Many if not most New York City teachers will continue receiving automatic longevity pay increases despite Mayor Michael Bloomberg’s announcement today that he will “eliminate raises” for them in the next budget.
In fact, as illustrated in the following chart (provided by the mayor’s press office), city teachers are eligible for annual pay hikes — above and beyond any base pay increase — during nine of their first 10 consecutive years, and 14 of their first 22 consecutive years. For example, quite apart from any base salary increase, a rookie teacher entering his or her second year is entitled to a longevity increase of 6.4 percent. An eighth-year teacher receives an increase of 11.6 percent, and a teacher moving into his or her twentieth consecutive year receives an increase of 11.5 percent. (Go here for more details on the city’s teacher pay schedule.)
Even in the absence of a new teachers’ contract, those longevity increases must be preserved under the state Taylor Law’s Triborough Amendment. For more background on Triborough, see pp. 13-16 of the Empire Center’s 2007 report, Taylor Made: The Cost and Consequences of New York’s Public-Sector Labor Laws. In addition to this, teachers will remain entitled to a nice health benefits package–which costs nothing in its most basic form–and a guaranteed pension that they can begin collecting as early as age 55 (or 57 if hired after Jan. 1).

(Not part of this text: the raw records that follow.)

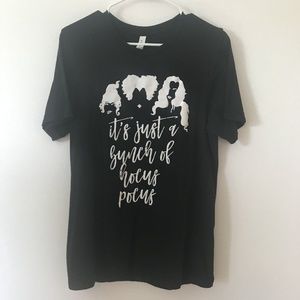 Medium HOCUS POCUS Movie Black Graphic Tee Shirt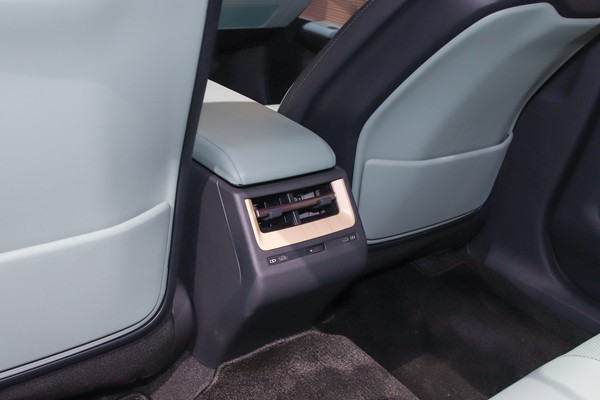 Lexus ES Interior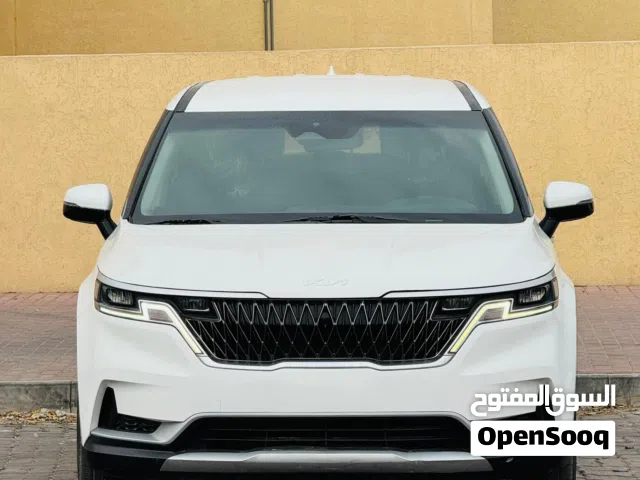 Used Kia Carnival in Dubai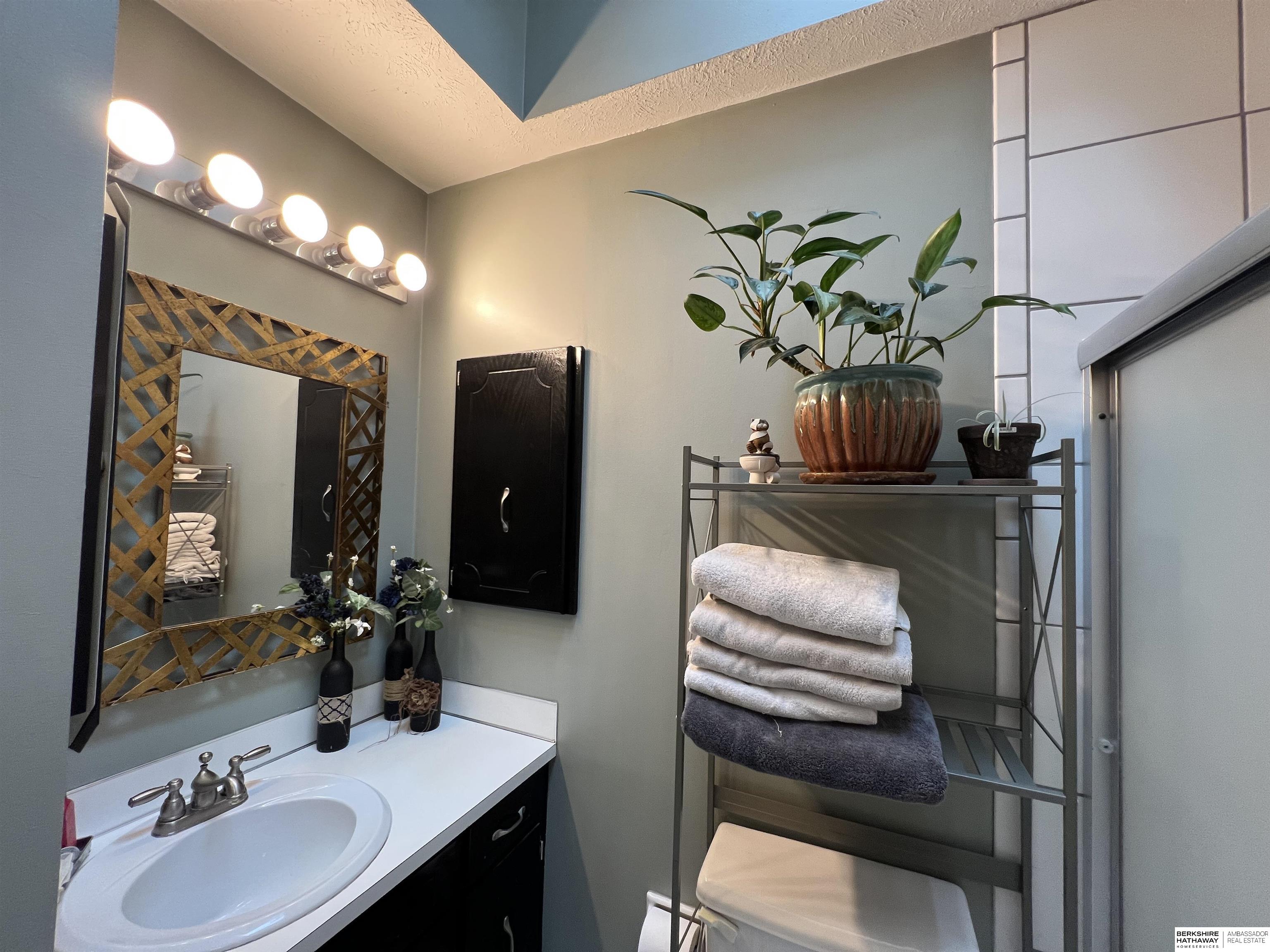 Omaha, Nebraska 68134, United States, 3 Bedrooms Bedrooms, ,3 BathroomsBathrooms,Residential,Active,177704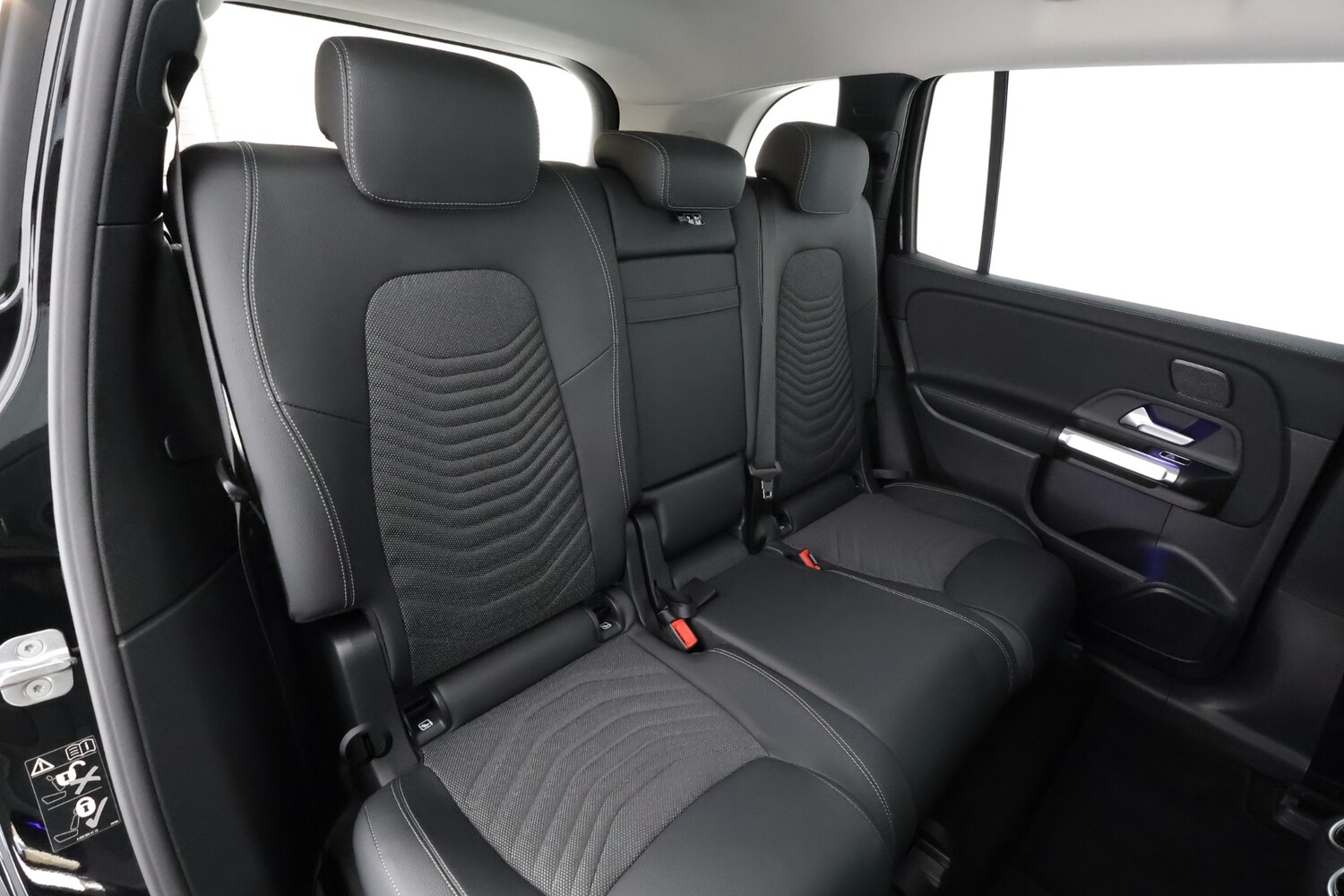 Mercedes-Benz EQB vaihtoauto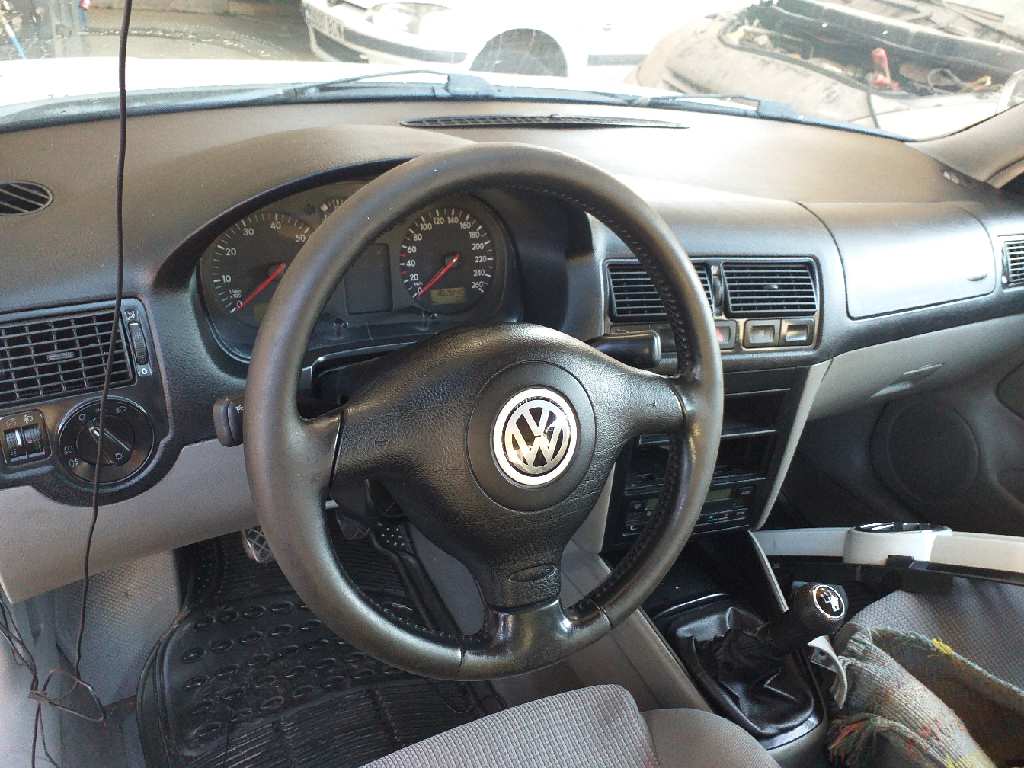 VOLKSWAGEN Bora 1 generation (1998-2005) Насос гидроусилителя 1J0422154B 18454052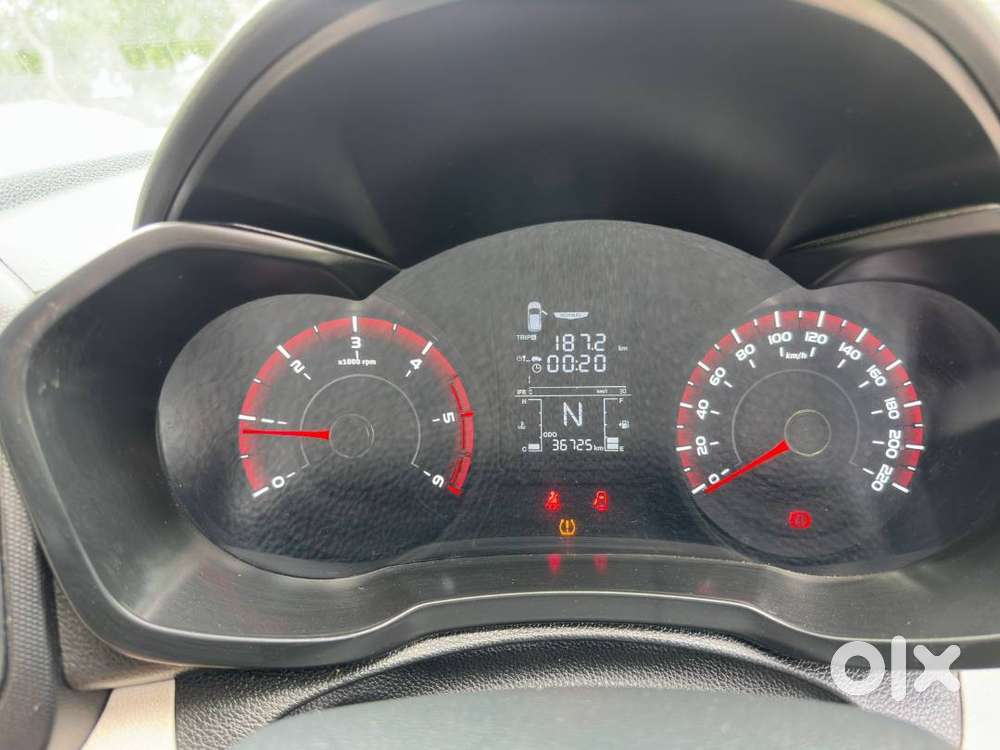 Mahindra Xuv300 2022 Diesel Well Maintained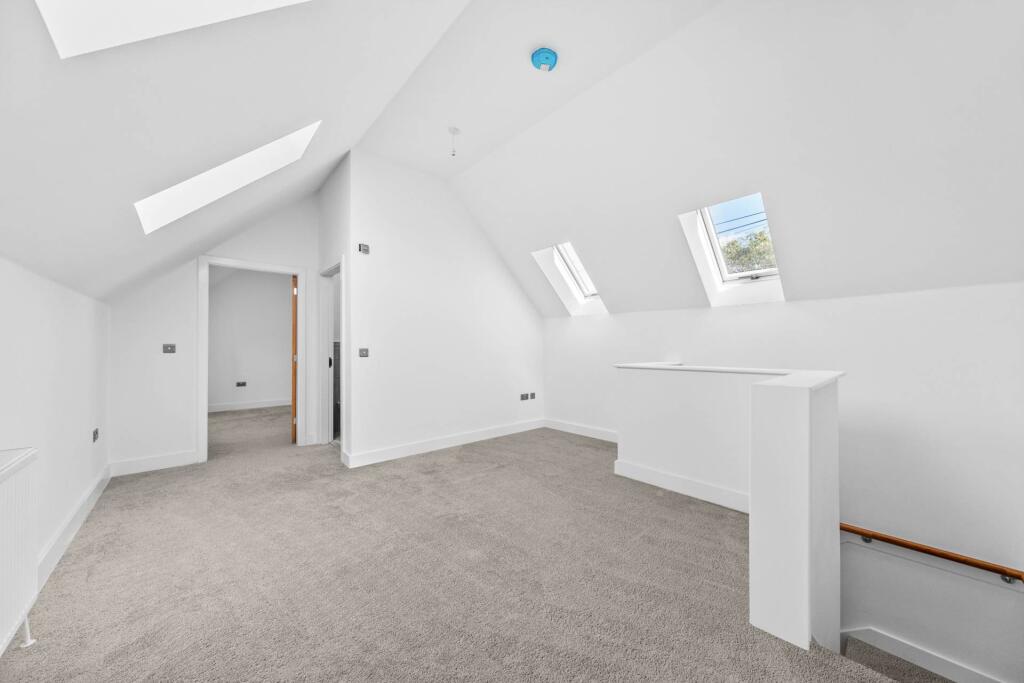 Additional image 3 of THE WHITEHALL - Dreslintone Close, Bradford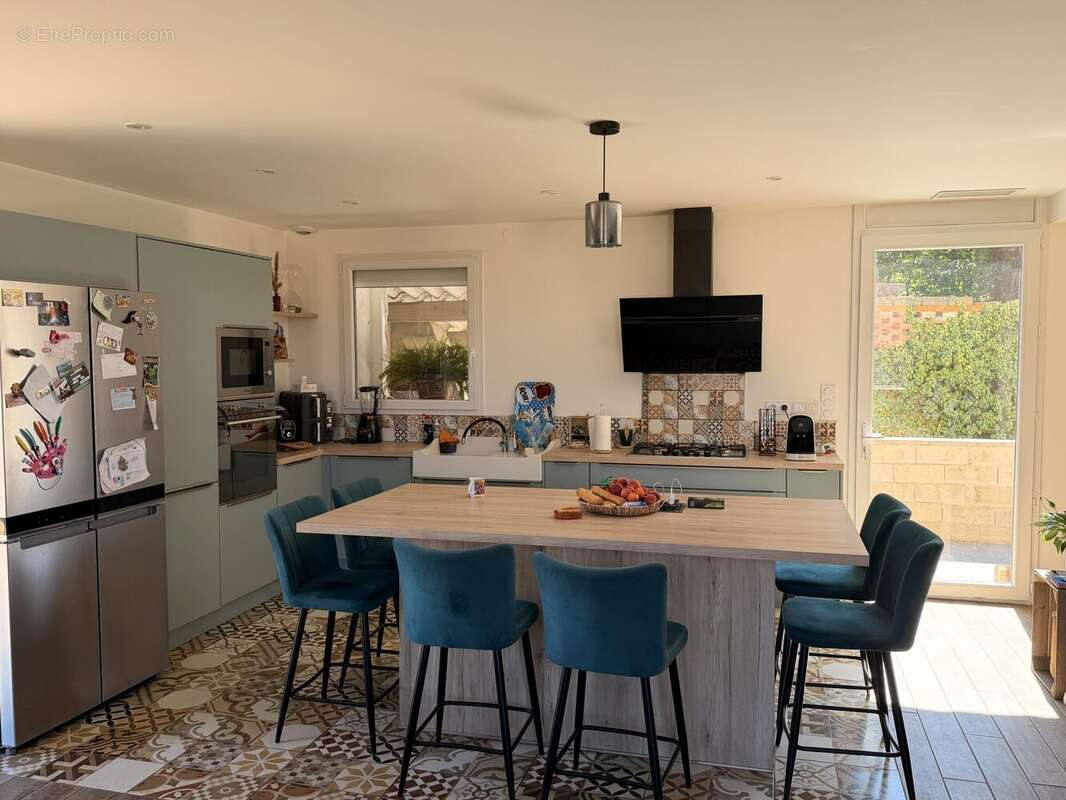 Appartement 237 m² à Bages  - photo 4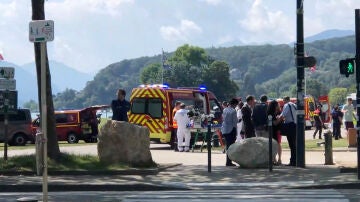 Los servicios médicos llegan al parque de Annecy (Francia) tras el ataque con cuchillo a varios niños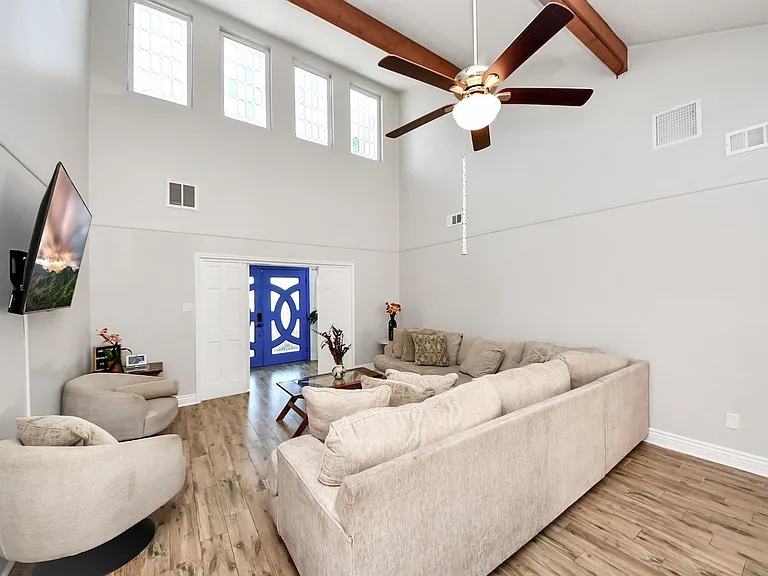 15715 Creekhaven Dr — Photo 27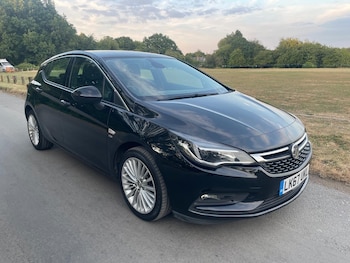 Used Vauxhall Astra 2017 for sale - 79317415: Photo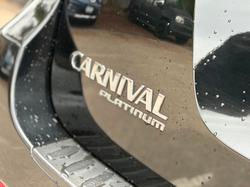 2016 Kia Carnival Platinum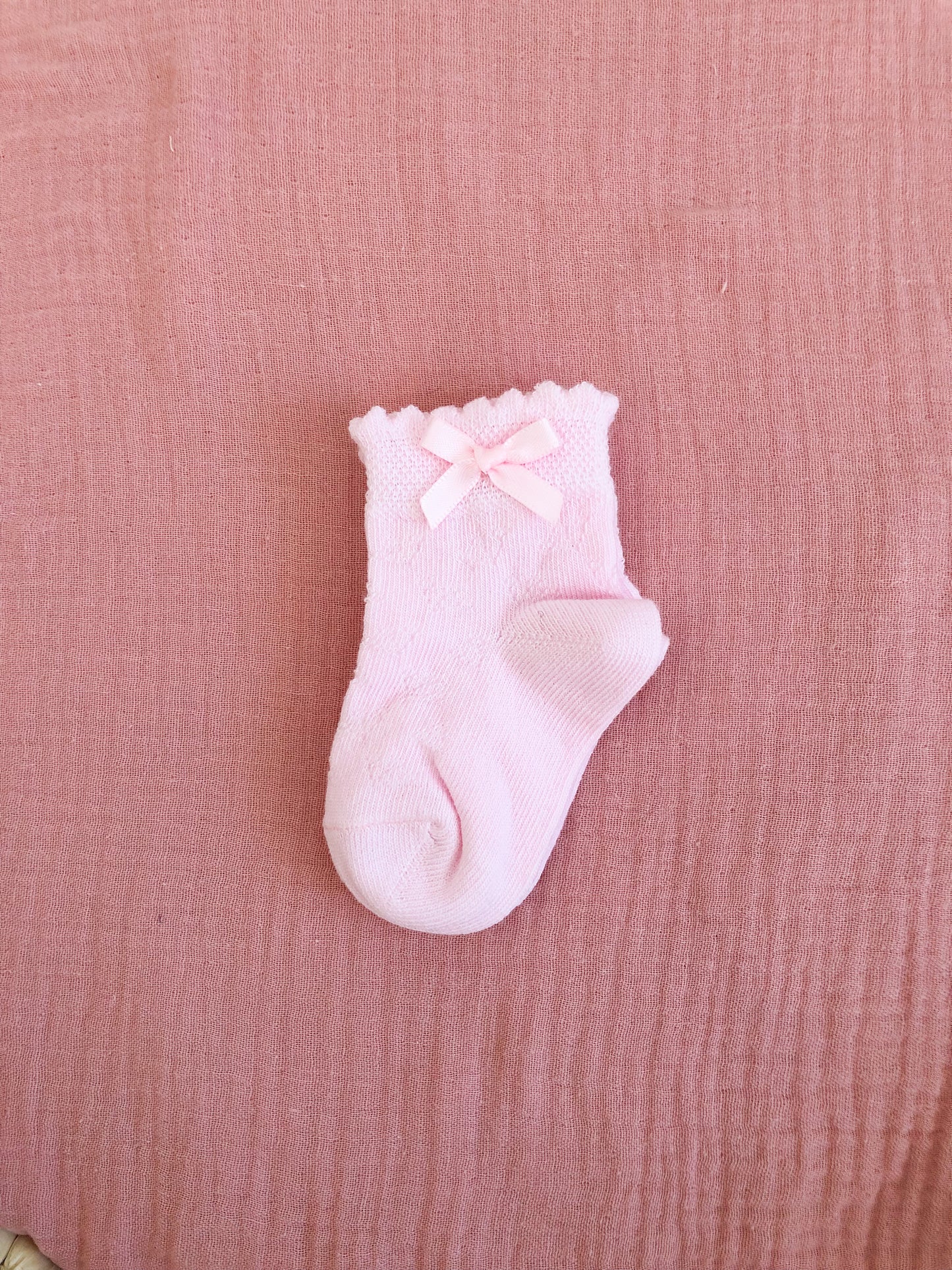 Calcetines rosas con lazo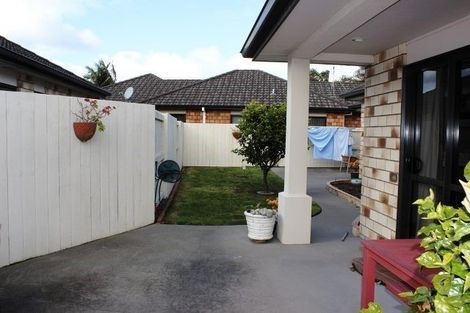 Photo of property in 12 Putaka Place, Papamoa Beach, Papamoa, 3118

Bloomberg’s fiscal 2011 Executive Budget had set aside sufficient funds to expand base pay for teachers by 2 percent, while the UFT had been seeking the same 4 percent as other municipal unions received in their last contracts (a generous pattern Bloomberg himself established, incredibly, in a contract settlement announced the day after Lehman’s bankruptcy sent the economy into a tailspin in September 2008). However, the mayor also warned that the state school aid cut proposed by Governor David Paterson in his fiscal 2010-11 state budget would force the city to lay off 4,400 teachers. With the state budget still stalled, and with the July 1 start of the city’s next fiscal year less than a month away, the mayor couldn’t wait any longer.
Freezing base pay, Bloomberg said today, will save those 4,400 positions. Yet he also promised that he and Michael Mulgrew, the president of the United Federation of Teachers (UFT), would “go Albany and Washington to press our case to restore more education funding.”
Huh? Under the worst-case scenario for fiscal 2011, the city’s financial plan apparently will support an average longevity pay hike of 3.3 percent a year for teachers with less than 22 years experience. More experienced teachers already are earning over $100,000 a year. Meanwhile, the state is forecasting that the consumer price index will increase by just over 2.2 percent in fiscal 2011; over the past year, the cost of living barely increased at all. Four out of five New York City residents worked in private-sector industries that reduced wages last year.
So, now that the teacher base pay “freeze” is a fact, what is the remaining problem here? For Mulgrew, the answer is obvious. But for the mayor, the promise to seek “more education funding” from the tapped-out state and federal governments makes little sense. In the midst of a fiscal crisis, with several years of austerity ahead, the last thing Bloomberg should be doing is pushing for outside aid to permanently expand teachers’ base salaries.